Segments and addressing
Before I get into the details of the string instructions, I need to give a bit of background on how the 8086 accesses memory through segments. Earlier microprocessors such as the Intel 8080 (1974) used 16 bits to specify a memory address, allowing a maximum of 64K of memory. This memory capacity is absurdly small by modern standards, but at the time when a 4K memory board cost hundreds of dollars, this limit was not a problem. However, due to Moore’s Law and the exponential growth in memory capacity, the follow-on 8086 processor needed to support more memory. At the same time, the 8086 needed to use 16-bit registers for backward compatibility with the 8080.
The much-reviled solution was to create a 1-megabyte (20-bit) address space consisting of 64K segments, with a 16-bit address specifying a position within the segment. In more detail, the memory address was specified by a 16-bit offset address along with a particular 16-bit segment register selecting a segment. The segment register’s value was shifted by 4 bits to give the segment’s 20-bit base address. The 16-bit offset address was added, yielding a 20-bit memory address. This gave the processor a 1-megabyte address space, although only 64K could be accessed without changing a segment register. The 8086 had four segment registers so it could use multiple segments at the same time: the Code Segment, Data Segment, Stack Segment, and Extra Segment.
The 8086 chip is split into two processing units: the Bus Interface Unit (BIU) that handles segments and memory accesses, and the Execution Unit (EU) that executes instructions. The Execution Unit is what comes to mind when you think of a processor: it has most of the registers, the arithmetic/logic unit (ALU), and the microcode that implements instructions. The Bus Interface Unit interacts with memory and other external systems, performing the steps necessary to read and write memory.
Among other things, the Bus Interface Unit has a separate adder for address calculation; this adds the segment register to the base address to determine the final memory address. Every memory access uses the address adder at least once to add the segment base and offset. The address adder is also used to increment the program counter. Finally, the address adder increments and decrements the index registers used for block operations. This will be discussed in more detail below.
Microcode in the 8086
Most people think of machine instructions as the basic steps that a computer performs. However, many processors (including the 8086) have another layer of software underneath: microcode. With microcode, instead of building the control circuitry from complex logic gates, the control logic is largely replaced with code. To execute a machine instruction, the computer internally executes several simpler micro-instructions, specified by the microcode. This provides a considerable performance improvement for the block operations, which requires many steps in a loop. Performing this loop in microcode is considerably faster than writing the loop in assembly code.

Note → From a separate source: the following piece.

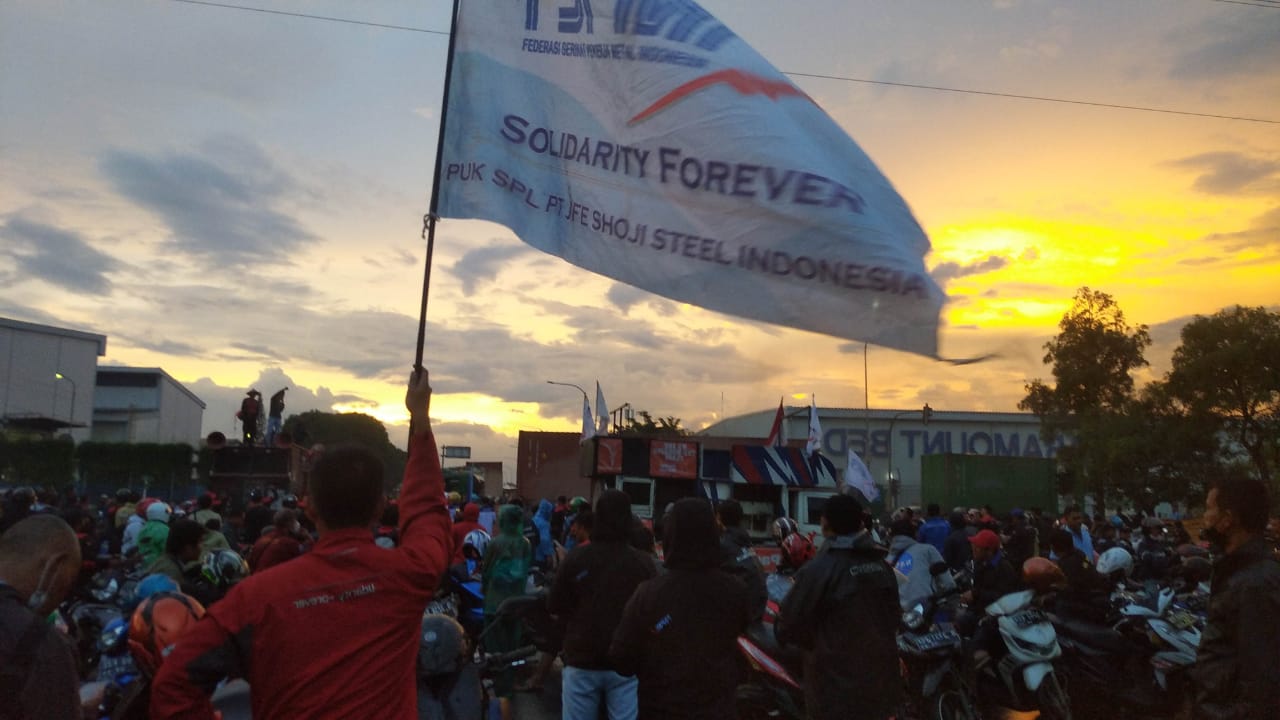 Dijanjikan Bertemu Bupati Besok, Pangkorda Garda Metal Bekasi Intruksikan Unjuk Rasa Dihentikan Sementara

A micro-instruction in the 8086 is encoded into 21 bits as shown below. Every micro-instruction specifies a move operation from a source register to a destination register, each specified with 5 bits. The meaning of the remaining bits depends on the type field and can be anything from an ALU operation to a memory read or write to a change of microcode control flow. Thus, an 8086 micro-instruction typically does two things in parallel: the move and the action. For more about 8086 microcode, see my microcode blog post.”